Posted: 31 Mar. 2020 8 min. read

STUNDUNG VON ABGABEN UND SV-BEITRÄGEN, FRISTVERLÄNGERUNGEN – ERLEICHTERUNGEN AUFGRUND COVID-19 IM ÜBERBLICK

Die behördlichen Auflagen zur Bekämpfung von COVID-19 werden bei vielen Unternehmen zu Liquiditätsengpässen führen. Der Gesetzgeber, das BMF und die Sozialversicherungsträger lassen Erleichterungen für die Stundung und Herabsetzung von Abgaben und Beiträgen zu. Hierfür müssen Unternehmen in den meisten Fällen jedoch selbst aktiv werden und einen Antrag stellen.

Überdies wurden für die kommenden Monate Erleichterungen bei verfahrensrechtlichen Fristen beschlossen.

Im Folgenden erfahren Sie mehr über die hierfür relevanten Hintergründe, Maßnahmen und Rechtsvorschriften.Stundung und


Herabsetzung von Steuerzahlungen

Bei einer Glaubhaftmachung von Liquiditätsengpässen aufgrund von COVID-19 kann die Herabsetzung von Steuervorauszahlungen, die Stundung oder Ratenzahlung einer Abgabe sowie die Nichtfestsetzung von bereits festgesetzten Säumniszuschlägen beantragt werden. Zur Formulierung der Glaubhaftmachung können Textbausteine, welche vom BMF veröffentlicht wurden, verwendet werden. Mittelbar betroffene Unternehmen haben ihre konkrete Betroffenheit ergänzend zu begründen.
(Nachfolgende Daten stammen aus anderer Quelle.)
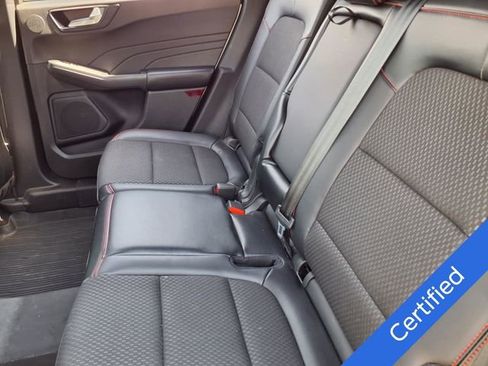 Certified 2023 Ford Escape ST-Line Select w/ Tech Pack #2 image 7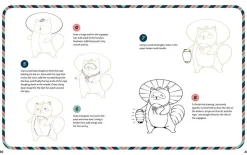 Yokai Bestiary: How to Draw Eerie and Enchanting Japanese Ghouls and Monsters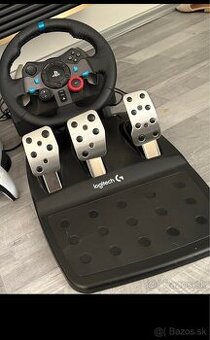 Logitech G29
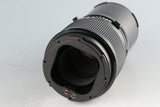 Hasselblad Carl Zeiss Sonnar 250mm F/5.6 CF Superachromat Lens CLA By Kanto Camera #54542C5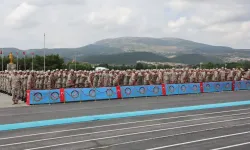 Kütahya’da acemi askerler yemin etti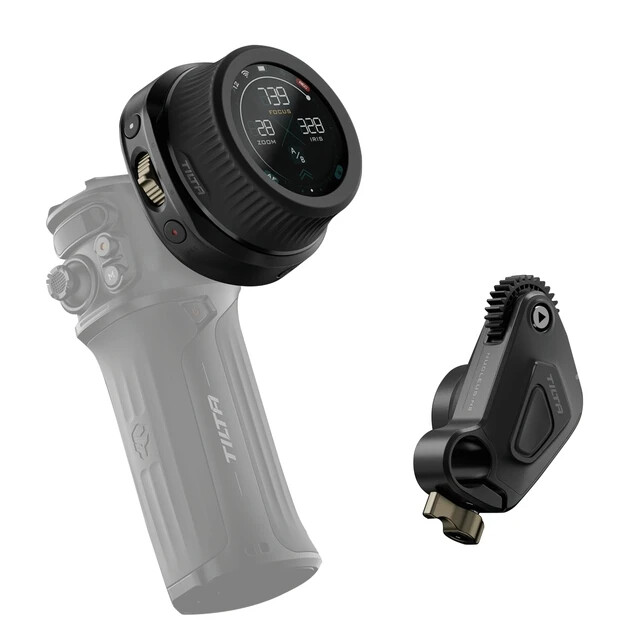 TILTA Nucleus-N 2 WLC-T05-K2 Nano II Wireless Lens zoom Control Motor Hand Wheel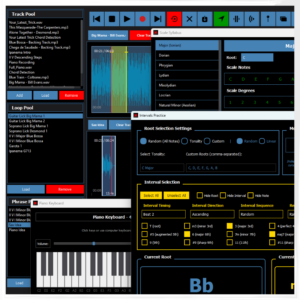 Mingus - Music Study Station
Zusätzlich hat das BMF ein eigenes Formular zur Verfügung gestellt, mit dem steuerliche Erleichterungen beantragt werden können. Der Antrag kann entweder per E-Mail gesendet oder über FinanzOnline hochgeladen werden.
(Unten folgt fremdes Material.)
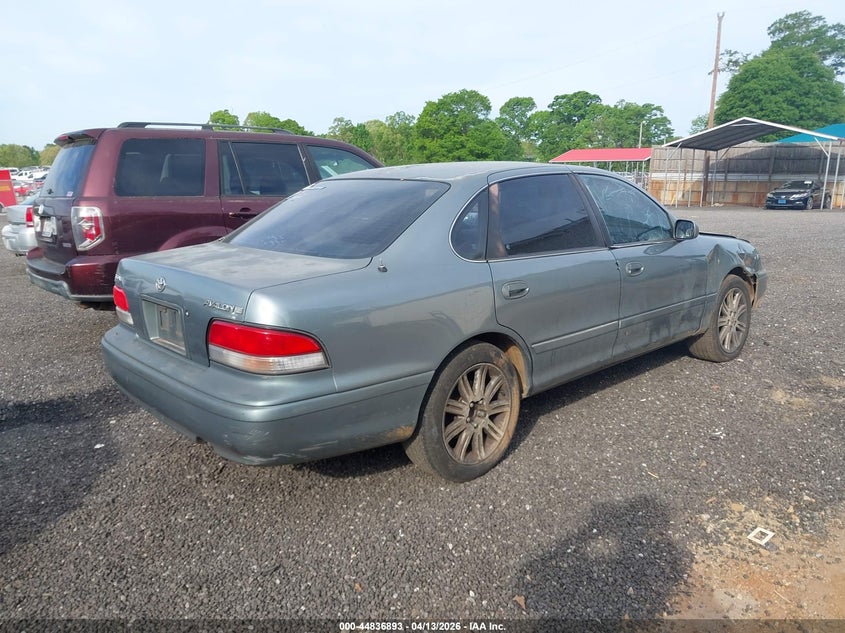 1996 Toyota Avalon Xl/Xls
Die Abgabenbehörden sind dazu angehalten, derartige Anträge sofort zu erledigen. Betreffend die Stundungsanträge hat das BMF verlautbart, dass bei Vorliegen von konkreter Betroffenheit eine Stundung bis 30.9.2020 zu gewähren ist. Bei konkreter Betroffenheit sollen auch keine Stundungszinsen festgesetzt werden. Bei bloß mittelbarer Betroffenheit sollte der Antrag auf Nichtfestsetzung von Stundungszinsen ausführlicher begründet werden. Details zu den Informationen des BMF finden Sie hier.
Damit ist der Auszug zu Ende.